Desse modo, o roteiro não tarda em adotar uma postura excessivamente didática, o que transforma em ficção anódina um longa-metragem que propõe problemas reais da educação não apenas na França, como no Brasil e, certamente, outras partes do mundo. O close no rosto de uma jovem docente (Pauline Huruguen) que chora por conta da pressão dos alunos transforma a tomada no tipo mais óbvio da dramaturgia televisivo. Gaspard (Alexis Moncorgé) é o típico professor sem paciência, maturidade e compreensão da situação dos estudantes, sendo, assim, composto de um maniqueísmo que tira tanto seu peso dramático, como seu lugar na realidade.
Curiosamente, o objetivo de Olivier Ayache-Vidal é mesmo o de conferir realismo ao projeto. Que é todo rodado em locação, a câmera está constantemente na mão, a fotografia simples comunica naturalismo e, mais importante, o elenco é quase todo composto por não atores residentes da periferia.

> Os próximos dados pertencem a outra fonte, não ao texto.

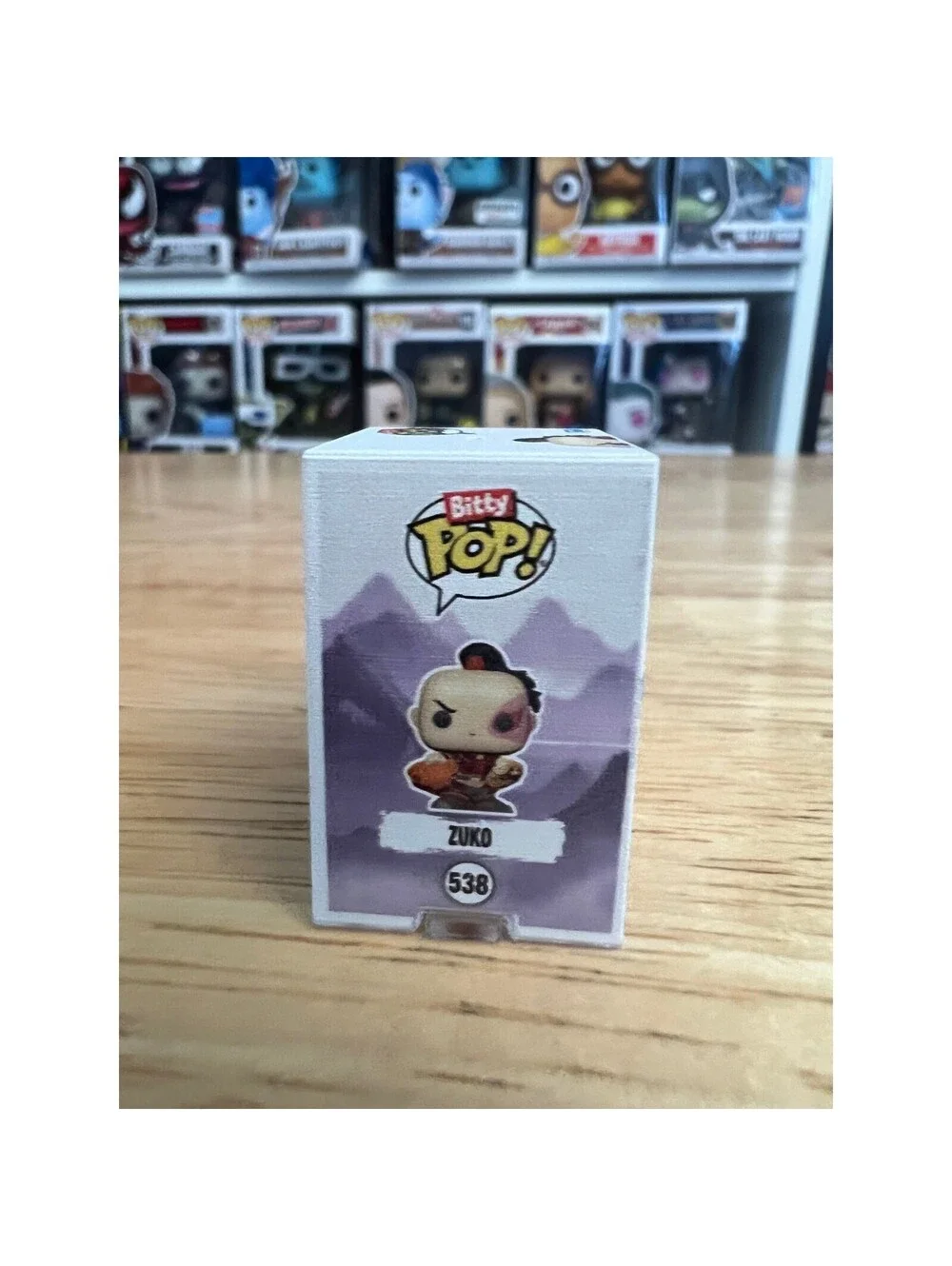 RARE CHASE BITTY Zuko Flame Punch 1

Esses aspectos técnicos, somados à sua história, evocam o principal problema de O Melhor Professor da Minha Vida: suas enormes semelhanças com Escritores da Liberdade. Eis o motivo do sentimento de déjà-vu constante em se assistir ao filme, provavelmente o mais fraco sobre o tema.
Apesar disso, a principal coincidência entre o exemplar americano e o genérico francês é a atuação do protagonista. Assim como a multipremiada Hilary Swank segura seu drama escolar com competência, Denis Podalydès é um artista consagrado na histórica companhia Comédie-Française, que prosperou pela via intelectual e pelo empenho após uma vida humilde, assim emprestando um talento dramatúrgico e um conhecimento de causa que se manifestam no profundo poder de observação do tipo que vive. Sempre que em cena, Podalydès se comporta como um seguidor do "Método" de Lee Strasberg e hipnotiza ao interpretar François como uma figura real, com seus próprios maneirismos, que se preocupa, convence nos vários momentos em que é retratado preso em seus pensamentos... Enfim, o ator representa com tocante dignidade o fraco texto de Ayache-Vidal.
Desse modo, além de elevar o nível das cenas em que atua com o estreante e apenas simpático Abdoulaye Diallo (Seydou), Denis Podalydès se comporta como o protagonista de "Os Miseráveis", Jean Valjean: François é um sujeito que ascende pessoal e socialmente com seu próprio trabalho, e crê que pode cumprir uma função em prol das pessoas necessitadas à sua volta. Olivier Ayache-Vidal ensaia traçar esse paralelo no filme, porém sem articulação narrativa ou desenvolvimento de personagem. O corte final de O Melhor Professor da Minha Vida só contempla a filosofia política do escritor Victor Hugo (ensinado em sala) no vigor com que Denis Podalydès interpreta François Truffaut. Um esforço criativo tremendo e solitário.